Em seu blog Não lugar, Lina Faria postou uma foto incomum, quase sem perspectiva. Ela informa que se trata de um trabalho “da série de cicatrizes de casas que já se foram, mas mantiveram sua silhueta impregnada na parede do lado. Prova de que a forma supera a utilidade das coisas”.
Roubei a foto de lá (deixando a original, é claro) e pago com um comentário poematizado. Como prometi que faria (sem trocadilho) sobre fotos de Lina.
Fatia do Passado
Cleto de Assis, sobre foto de Lina Faria
A velha casa se foi
transformada em cacos,
talvez em restos de depósito de demolição,
talvez em entulho de construção
talvez em saudade de alguém que lá viveu.
A velha casa partiu
e logo, logo nem restará
a fatia impressa na parede lateral que virou muro
e alguém recolherá as esmolas nela encostadas,
a ex-porta, a ex-janela, a ex-parede de madeira
a centena de tijolos desgastados
e quem sabe os ladrilhos brancos do ex-banheiro.

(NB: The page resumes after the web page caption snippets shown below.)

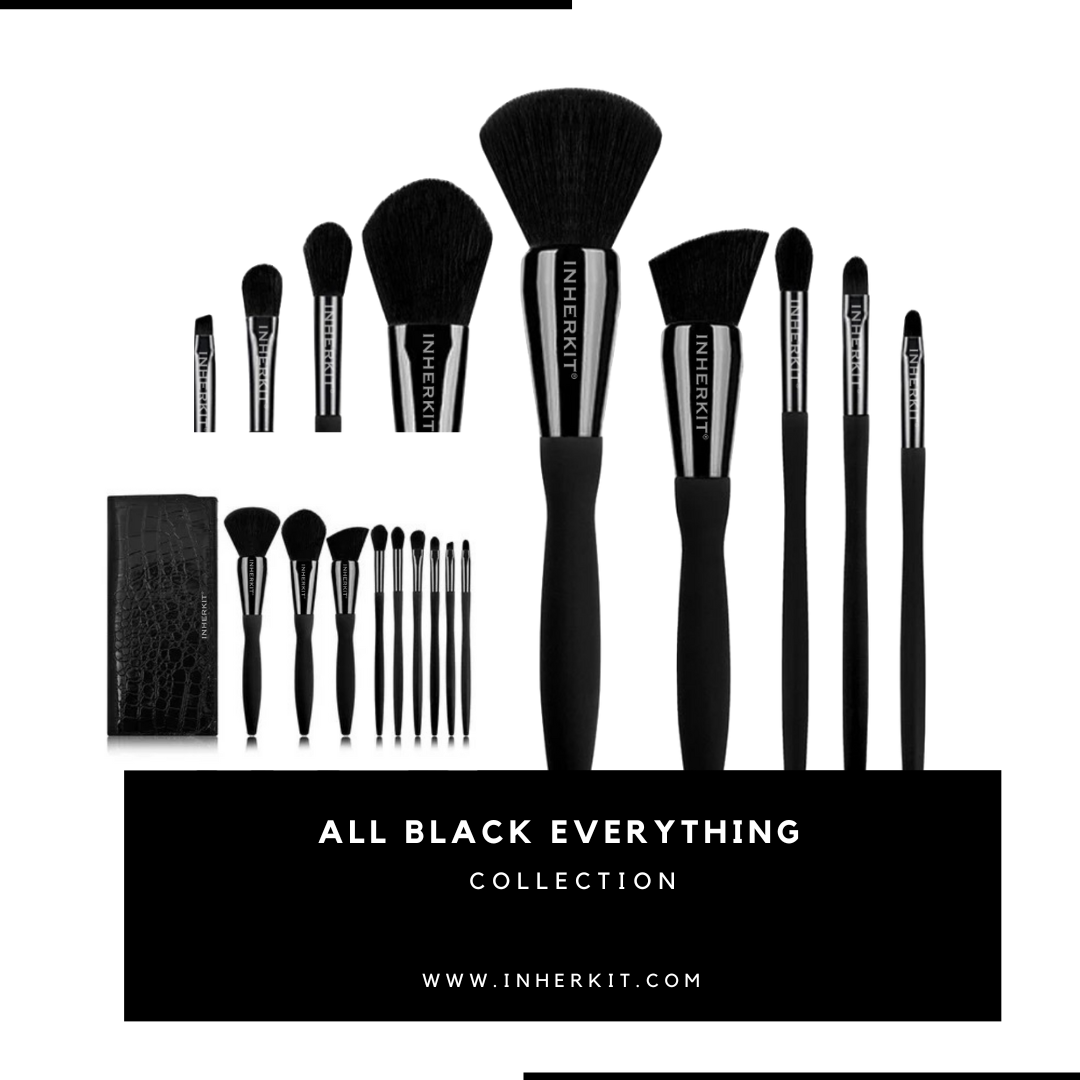 Copy of all black everything.PNG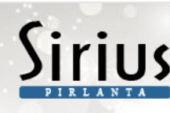 Baget Pırlanta Yüzük Modelleri, Fiyatları ve Şıklık Sırları – Sirius Pırlanta Zarafetinin Işıltılı Yansıması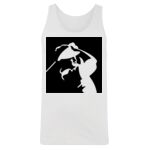 Men's Tank Top Thumbnail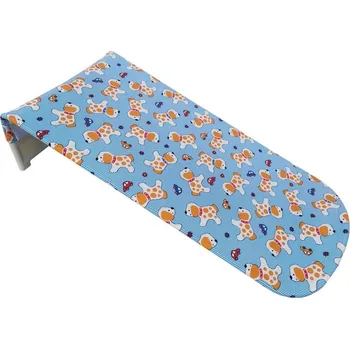 Lehátko do vany COSING Kojenecké lehátko Péťa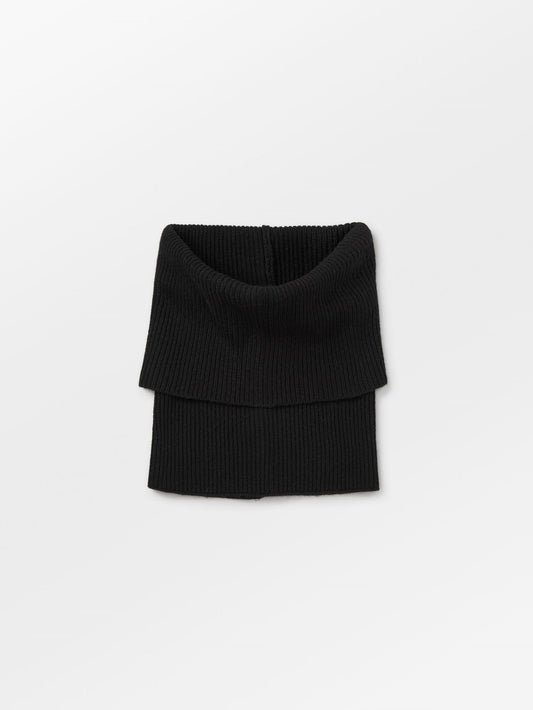 Woona Snood OneSize   BeckSöndergaard.no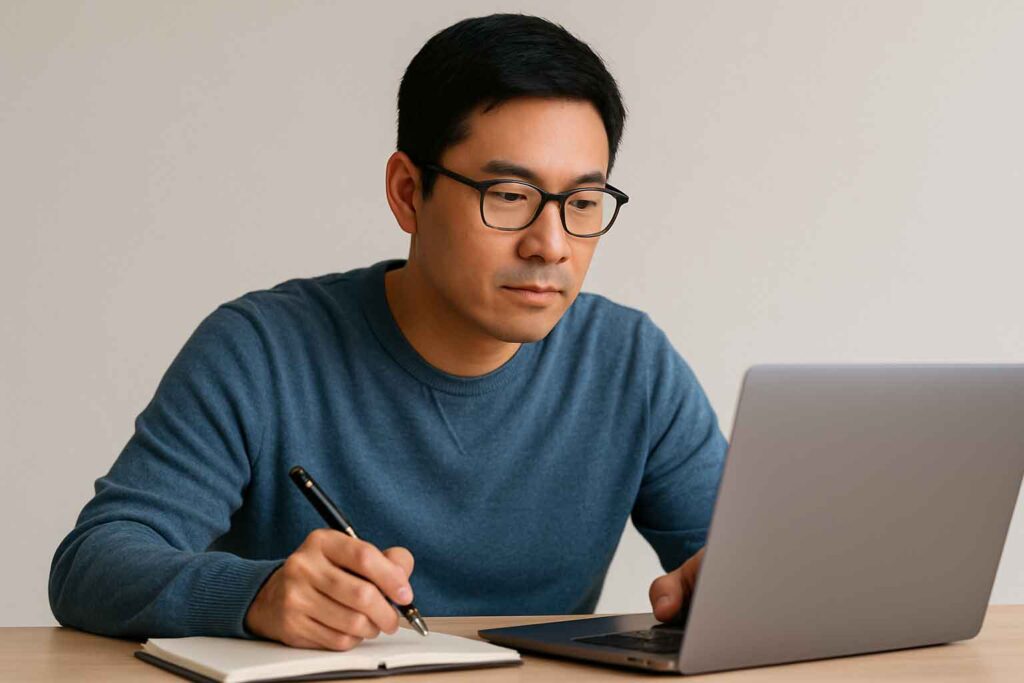 40대 자격증 추천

A ordem e o progresso urbanos retirarão de cena
o quadro mondriânico amarelo-branco-preto
dividido em áurea proporção
onde alguém grafitou um homem deitado
e um (talvez) rabo de galo.
Ainda bem que Lina passou por ali
e seu olho mágico tornou imortais os restos mortais da velha casa.
Obrigada, amigo Cleto, por expressar tamanha sensibilidade em suas palavras.
Obrigada, amigo Cleto, pela sensibilidade que expressou em suas palavras.